Some days I am afraid to blog. I am worried where my words might wind up. I agonize whether to comment on a stranger's blog or post a tweet that I have no idea who is going to read. I get spooked wondering how what I have to say will sit with the reader. Some days I am uneasy with this entity we call cyberspace.
Cyberspace is a new frontier. And like the Wild, Wild West it does not have a lot of rules.
The plethora of new forums in which to speak our opinion, whether it is your favorite new lip gloss or how you feel about the nomination of Elena Kagan to the Supreme Court are vast. More people can be heard in more places. That is a good thing.
But what I don't think is so great is the lack of integrity with which some people speak their voice. They are careless with their language, freely using words like "idiot" and "stupid", "slamming" what or who they don't like instead of expressing their opposing opinion with thought and substantiated facts. They forget what it means to be polite. They write without thinking first.

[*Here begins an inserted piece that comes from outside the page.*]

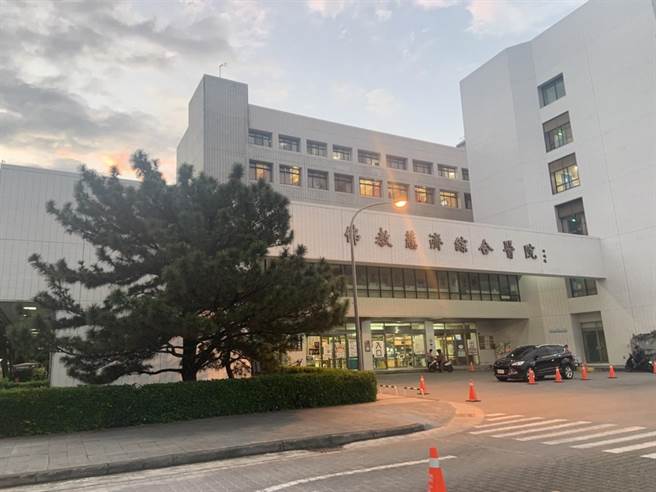 花莲奥斯卡餐酒馆传播链今外溢慈济医院，引发院内感染，造成医护、病房患者、看护等14人染疫，院方即起至24日止，全面不开放探病。（罗亦晽摄）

There are no rules for speaking in Cyberspace. I'm not sure that's necessary. The manner in which you make your voice heard is a personal choice. But there are pledges. I made mine with the folks at Blog With Integrity.

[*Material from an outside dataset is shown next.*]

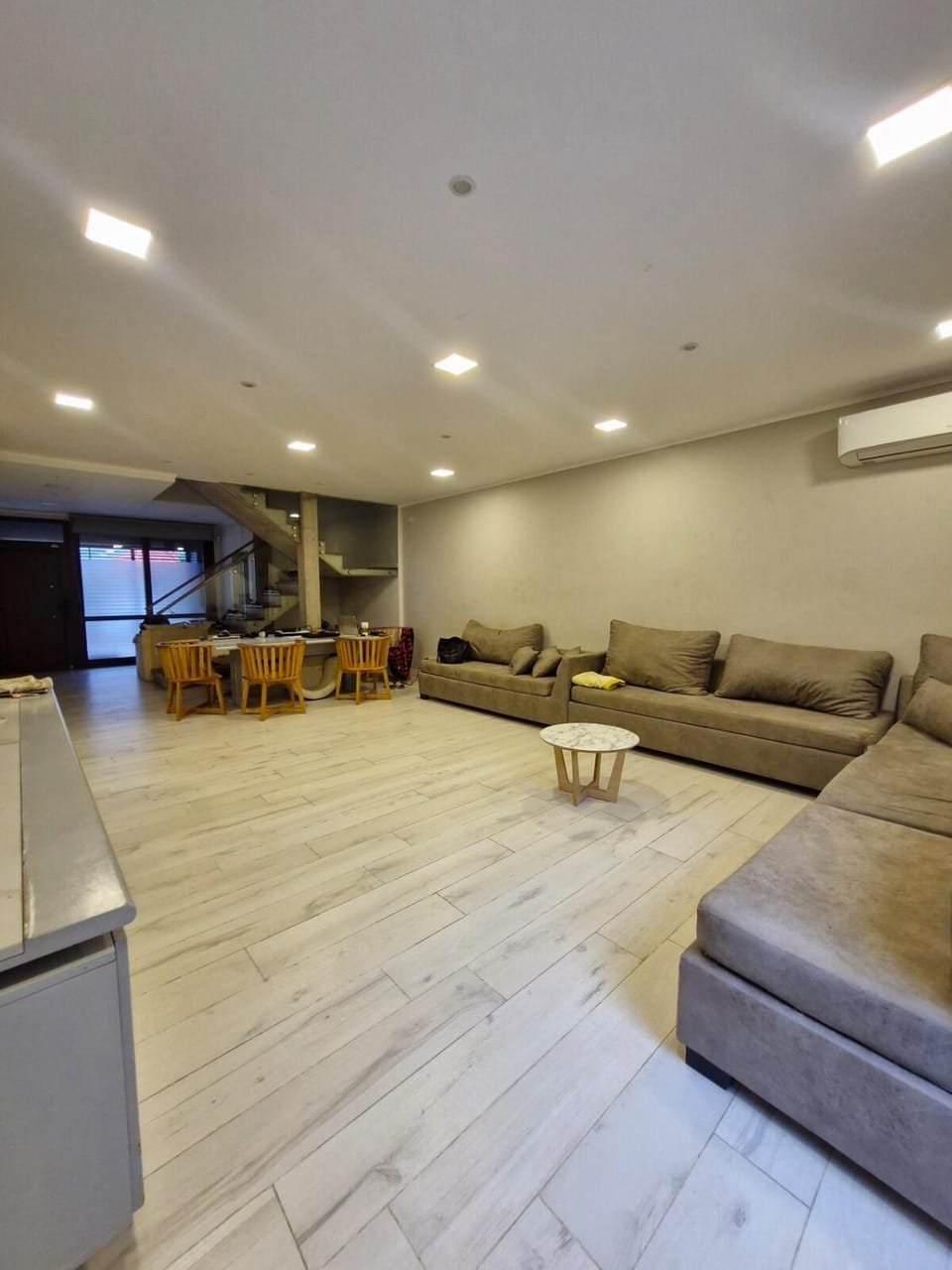 Casa moderna en barrio residencial de CABA House in Buenos Aires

Most days I love cyberspace. I delight that I can connect across the globe from the comfort of my home office. I revel that I can write a blog, publish when I want to and hope that it will make at least one person, somewhere, think about something they wouldn't have otherwise. I like that I can read other blogs, engage in a conversation with strangers and reconnect on Facebook with my friends from the first grade. I adore that if I have a question I don't have an answer to I can Google it and in minutes I have new information.
And then there are the days I am afraid I might be the subject of someone's personal attack. That someone might slew a string of stinging words in my direction, not at my opinion, but at me because of what I think or write. But I do anyway. It's good practice. As Allison Winn Scotch discusses in a recent blog it's part of what a writer signs up for when putting themselves in the public domain.
There are days when I am timid to put my voice out there. Today is not one of them.